Here’s where the designers were both clever and, in my opinion, a bit obtuse with the naming. This mechanism works from the node’s perspective. You taint the node (put up a “no entry” sign). Then, you give your pod a toleration (a VIP pass that ignores that specific sign).

This is the primary way you cordon off special nodes. Master nodes are the classic example—they come pre-tainted with node-role.kubernetes.io/control-plane:NoSchedule. Your user-land DaemonSets won’t run on them because they don’t have the toleration for that taint.

Say you have a node reserved for running memory-hogging monsters. You taint it:

kubectl taint nodes <node-name> reserved=big-mem:NoSchedule

Now, only pods with a matching toleration can be scheduled there. Your dedicated DaemonSet for monitoring these beasts would need this in its Pod spec:

tolerations:
- key: "reserved"
  operator: "Equal"
  value: "big-mem"
  effect: "NoSchedule"

The effect is crucial. NoSchedule means “don’t put new pods here,” while NoExecute also evicts existing pods that don’t tolerate the taint. Use the latter with extreme care.
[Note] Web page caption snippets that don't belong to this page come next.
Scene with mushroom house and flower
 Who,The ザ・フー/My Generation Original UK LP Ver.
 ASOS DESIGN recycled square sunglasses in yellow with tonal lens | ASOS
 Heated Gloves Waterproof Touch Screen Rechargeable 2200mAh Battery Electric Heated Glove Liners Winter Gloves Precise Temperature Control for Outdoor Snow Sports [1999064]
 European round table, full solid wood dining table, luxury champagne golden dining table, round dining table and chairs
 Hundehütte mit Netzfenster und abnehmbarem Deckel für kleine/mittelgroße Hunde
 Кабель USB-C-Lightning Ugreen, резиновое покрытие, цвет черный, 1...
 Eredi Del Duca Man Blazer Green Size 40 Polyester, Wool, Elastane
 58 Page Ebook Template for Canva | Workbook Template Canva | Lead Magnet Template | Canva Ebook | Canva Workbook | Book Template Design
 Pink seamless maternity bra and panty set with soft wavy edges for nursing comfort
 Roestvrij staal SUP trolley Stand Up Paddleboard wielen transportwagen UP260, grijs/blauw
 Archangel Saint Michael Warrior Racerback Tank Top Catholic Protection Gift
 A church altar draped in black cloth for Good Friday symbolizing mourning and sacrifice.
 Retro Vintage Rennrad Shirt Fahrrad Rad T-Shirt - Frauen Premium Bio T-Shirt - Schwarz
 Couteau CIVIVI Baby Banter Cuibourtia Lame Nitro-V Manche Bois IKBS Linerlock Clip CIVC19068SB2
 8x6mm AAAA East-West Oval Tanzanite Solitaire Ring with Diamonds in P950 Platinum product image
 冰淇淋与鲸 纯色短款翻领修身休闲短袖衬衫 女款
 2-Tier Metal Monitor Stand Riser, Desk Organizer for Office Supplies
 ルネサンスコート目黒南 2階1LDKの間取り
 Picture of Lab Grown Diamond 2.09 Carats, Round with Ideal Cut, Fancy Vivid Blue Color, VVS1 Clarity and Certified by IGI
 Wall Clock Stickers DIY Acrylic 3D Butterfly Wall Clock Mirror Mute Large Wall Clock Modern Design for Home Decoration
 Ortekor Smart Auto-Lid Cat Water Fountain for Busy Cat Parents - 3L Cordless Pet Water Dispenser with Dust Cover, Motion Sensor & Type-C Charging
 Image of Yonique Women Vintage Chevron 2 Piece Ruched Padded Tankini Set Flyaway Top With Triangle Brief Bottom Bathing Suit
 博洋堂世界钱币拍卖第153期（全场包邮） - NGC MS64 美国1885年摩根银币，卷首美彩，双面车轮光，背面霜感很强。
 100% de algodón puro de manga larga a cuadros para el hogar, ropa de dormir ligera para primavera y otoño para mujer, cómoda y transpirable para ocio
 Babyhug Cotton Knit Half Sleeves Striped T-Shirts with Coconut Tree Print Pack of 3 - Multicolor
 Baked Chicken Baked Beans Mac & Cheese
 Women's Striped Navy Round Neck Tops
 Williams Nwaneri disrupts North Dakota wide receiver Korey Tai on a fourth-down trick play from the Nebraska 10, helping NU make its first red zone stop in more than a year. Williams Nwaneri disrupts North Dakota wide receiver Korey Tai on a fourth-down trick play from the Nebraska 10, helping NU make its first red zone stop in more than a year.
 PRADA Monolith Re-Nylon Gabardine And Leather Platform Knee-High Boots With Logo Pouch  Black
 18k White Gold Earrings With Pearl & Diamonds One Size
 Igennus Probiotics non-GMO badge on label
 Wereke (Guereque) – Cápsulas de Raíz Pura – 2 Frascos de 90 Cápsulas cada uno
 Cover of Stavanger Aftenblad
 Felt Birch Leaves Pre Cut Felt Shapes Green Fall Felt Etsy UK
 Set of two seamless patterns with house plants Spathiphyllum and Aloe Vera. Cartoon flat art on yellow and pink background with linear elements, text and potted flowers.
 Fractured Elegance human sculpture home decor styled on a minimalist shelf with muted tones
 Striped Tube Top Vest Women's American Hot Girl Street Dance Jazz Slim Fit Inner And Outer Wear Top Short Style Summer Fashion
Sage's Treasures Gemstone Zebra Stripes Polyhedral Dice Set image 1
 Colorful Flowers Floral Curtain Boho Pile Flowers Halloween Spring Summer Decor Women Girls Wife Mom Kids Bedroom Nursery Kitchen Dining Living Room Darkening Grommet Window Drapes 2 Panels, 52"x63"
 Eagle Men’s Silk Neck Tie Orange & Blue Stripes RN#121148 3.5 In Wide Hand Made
The Pitfall: A toleration is permission to run on a tainted node, not a request to run there. If you only define a toleration, your DaemonSet pod might still run on all your untainted nodes. To truly restrict it to only the tainted nodes, you must combine the toleration with a nodeSelector or nodeAffinity rule that matches the labeled, tainted nodes. It’s a two-step process: affinity gets it in the door, toleration lets it stay despite the smell. Get this wrong, and you’ll have a bad time. It’s the most common “why isn’t my DaemonSet working?!” head-scratcher I see.